A Word of Caution for Employers

As we dove into this economic skid a couple of years ago there were a number of changes for the job market. Some of the more obvious ones include things like pay freezes, layoffs, and downsizing due to consolidations. And in some cases companies have asked their staff to pitch in a little more time for the same money to help them through these times. However, in a few cases that has been taken to the extreme.

Recently I have talked with people at a number of different companies, some of them with pretty recognizable names that seem to have used these conditions to take advantage of their workforce. The truth of the matter is that people want to help each other for the most part. And if asked, most folks will go out of their way to make sure things get taken care of, especially if asked directly by their immediate manager (once you get a layer or two up the chain of command their starts to be a disconnect). However, within some organizations there seems to be a trend to ask, or in some cases order, people to do not just a little more, but a lot more. In some cases that manifests itself in the form of turning the occasional voluntary overtime into compulsory overtime. In others that can mean showing up and announcing with the sound of a stack of files plopping onto your desk that you now have the responsibility of the guy in the next cubicle who got laid off last week. Well that my friends is a behavior that is going to come back and haunt you. When things were really bad people were happy to just have a job and they would put up with a lot to remain employed. But the employment market in power generation, especially in the nuclear industry, is improving and as things get better employers that took advantage of that situation are going to find themselves conducting a lot of exit interviews.

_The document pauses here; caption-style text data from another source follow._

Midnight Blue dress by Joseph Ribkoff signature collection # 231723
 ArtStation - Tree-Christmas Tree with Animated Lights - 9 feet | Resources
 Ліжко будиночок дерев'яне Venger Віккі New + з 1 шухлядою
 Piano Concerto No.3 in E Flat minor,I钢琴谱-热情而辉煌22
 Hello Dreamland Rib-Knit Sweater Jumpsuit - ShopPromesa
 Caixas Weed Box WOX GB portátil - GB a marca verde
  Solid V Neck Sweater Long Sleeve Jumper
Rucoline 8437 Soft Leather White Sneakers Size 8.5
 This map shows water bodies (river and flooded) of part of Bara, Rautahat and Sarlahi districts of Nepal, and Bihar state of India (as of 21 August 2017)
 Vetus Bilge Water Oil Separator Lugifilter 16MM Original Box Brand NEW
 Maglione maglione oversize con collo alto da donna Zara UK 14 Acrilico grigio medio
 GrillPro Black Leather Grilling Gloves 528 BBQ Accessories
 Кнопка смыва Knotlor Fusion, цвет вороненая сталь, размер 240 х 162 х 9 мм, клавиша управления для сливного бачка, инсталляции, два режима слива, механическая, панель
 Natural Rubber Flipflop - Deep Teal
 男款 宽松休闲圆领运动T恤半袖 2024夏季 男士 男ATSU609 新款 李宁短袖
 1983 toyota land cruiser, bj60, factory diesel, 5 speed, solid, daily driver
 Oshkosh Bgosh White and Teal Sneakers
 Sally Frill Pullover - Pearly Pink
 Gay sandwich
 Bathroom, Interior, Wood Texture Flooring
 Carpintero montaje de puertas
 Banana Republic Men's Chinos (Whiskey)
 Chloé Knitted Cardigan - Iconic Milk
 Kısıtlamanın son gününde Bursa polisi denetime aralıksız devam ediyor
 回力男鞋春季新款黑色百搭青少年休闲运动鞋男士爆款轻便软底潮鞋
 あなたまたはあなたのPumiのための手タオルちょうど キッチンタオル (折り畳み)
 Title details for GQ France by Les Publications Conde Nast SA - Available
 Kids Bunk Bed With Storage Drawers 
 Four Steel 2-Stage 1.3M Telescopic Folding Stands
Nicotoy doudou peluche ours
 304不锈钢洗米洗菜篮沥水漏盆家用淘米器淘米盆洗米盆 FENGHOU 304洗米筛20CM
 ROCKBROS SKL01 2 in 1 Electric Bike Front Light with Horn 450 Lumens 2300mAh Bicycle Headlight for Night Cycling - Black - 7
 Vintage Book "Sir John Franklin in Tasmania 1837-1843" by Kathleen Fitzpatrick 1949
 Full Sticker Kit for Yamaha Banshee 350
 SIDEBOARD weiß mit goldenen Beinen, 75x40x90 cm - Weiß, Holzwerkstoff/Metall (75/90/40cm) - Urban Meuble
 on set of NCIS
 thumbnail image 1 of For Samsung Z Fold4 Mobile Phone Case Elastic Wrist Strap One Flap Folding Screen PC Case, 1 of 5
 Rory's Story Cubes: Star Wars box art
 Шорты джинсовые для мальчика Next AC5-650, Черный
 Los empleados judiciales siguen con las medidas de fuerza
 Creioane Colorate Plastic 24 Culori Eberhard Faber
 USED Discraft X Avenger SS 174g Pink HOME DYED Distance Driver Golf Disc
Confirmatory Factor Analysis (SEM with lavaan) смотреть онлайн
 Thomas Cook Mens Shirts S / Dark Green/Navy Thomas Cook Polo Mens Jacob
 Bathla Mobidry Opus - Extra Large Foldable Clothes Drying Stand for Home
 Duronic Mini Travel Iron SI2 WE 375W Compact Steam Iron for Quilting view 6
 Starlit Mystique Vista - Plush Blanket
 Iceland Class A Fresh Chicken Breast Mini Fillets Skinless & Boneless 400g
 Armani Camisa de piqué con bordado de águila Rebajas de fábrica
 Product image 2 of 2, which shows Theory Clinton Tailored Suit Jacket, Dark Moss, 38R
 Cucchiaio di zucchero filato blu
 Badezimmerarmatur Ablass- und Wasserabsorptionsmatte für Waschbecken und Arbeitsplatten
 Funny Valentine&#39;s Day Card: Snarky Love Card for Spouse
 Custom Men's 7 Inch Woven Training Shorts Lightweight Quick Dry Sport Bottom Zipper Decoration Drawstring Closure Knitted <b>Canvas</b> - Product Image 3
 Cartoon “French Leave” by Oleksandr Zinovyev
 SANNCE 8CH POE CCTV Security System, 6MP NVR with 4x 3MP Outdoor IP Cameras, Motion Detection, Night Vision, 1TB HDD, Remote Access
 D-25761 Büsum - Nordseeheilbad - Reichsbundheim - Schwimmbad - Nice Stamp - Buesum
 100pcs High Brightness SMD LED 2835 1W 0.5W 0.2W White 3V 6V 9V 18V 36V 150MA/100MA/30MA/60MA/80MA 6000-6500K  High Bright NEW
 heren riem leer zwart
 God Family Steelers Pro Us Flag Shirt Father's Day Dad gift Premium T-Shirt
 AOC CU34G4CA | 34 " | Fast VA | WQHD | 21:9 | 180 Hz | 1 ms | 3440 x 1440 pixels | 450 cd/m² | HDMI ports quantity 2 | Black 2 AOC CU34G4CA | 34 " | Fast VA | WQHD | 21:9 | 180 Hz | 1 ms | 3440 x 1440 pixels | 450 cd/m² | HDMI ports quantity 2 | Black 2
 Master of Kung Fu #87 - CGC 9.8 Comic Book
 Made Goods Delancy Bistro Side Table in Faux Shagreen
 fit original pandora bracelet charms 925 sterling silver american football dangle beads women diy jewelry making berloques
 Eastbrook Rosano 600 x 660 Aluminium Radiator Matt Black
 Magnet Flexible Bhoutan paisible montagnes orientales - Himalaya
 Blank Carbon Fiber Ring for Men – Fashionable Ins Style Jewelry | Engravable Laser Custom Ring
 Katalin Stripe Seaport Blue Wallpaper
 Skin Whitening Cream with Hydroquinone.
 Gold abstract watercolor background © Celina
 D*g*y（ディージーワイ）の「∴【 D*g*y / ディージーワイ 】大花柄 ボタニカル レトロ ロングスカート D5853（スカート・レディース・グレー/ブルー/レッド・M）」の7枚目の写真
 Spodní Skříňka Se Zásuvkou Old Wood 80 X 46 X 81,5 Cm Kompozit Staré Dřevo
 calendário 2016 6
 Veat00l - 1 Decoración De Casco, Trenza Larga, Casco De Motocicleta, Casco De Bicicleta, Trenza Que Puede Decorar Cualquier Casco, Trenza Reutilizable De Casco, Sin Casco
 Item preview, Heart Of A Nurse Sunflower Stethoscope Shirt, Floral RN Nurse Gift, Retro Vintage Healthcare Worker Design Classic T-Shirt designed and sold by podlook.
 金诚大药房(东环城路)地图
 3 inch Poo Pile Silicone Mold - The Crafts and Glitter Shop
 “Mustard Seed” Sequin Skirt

Can a company that chose this path redeem themselves? Well, in some cases yes. But they are going to need to commit more than just one or two acts of contrition (i.e. lots of praise for helping you out. Maybe a visit from a big shot or two doing the same thing) and I would strongly recommend trying to find some money in the budget to tangibly reward everyone who bit the bullet on your behalf. Another path might be to put those who went above and beyond on the fast track for promotions or allow them the pick of the projects coming up. But for those of you who will chose not to show these acts of appreciation (and we know who you are) be prepared to lose some good people. And rest assured that when someone comes along with something that offers a more interesting set of duties, a better reputation, or maybe even some more money your staff is going to listen.

The moral to this story, is that good times or bad you should treat people with respect and professionalism. Because if you don’t someone else will.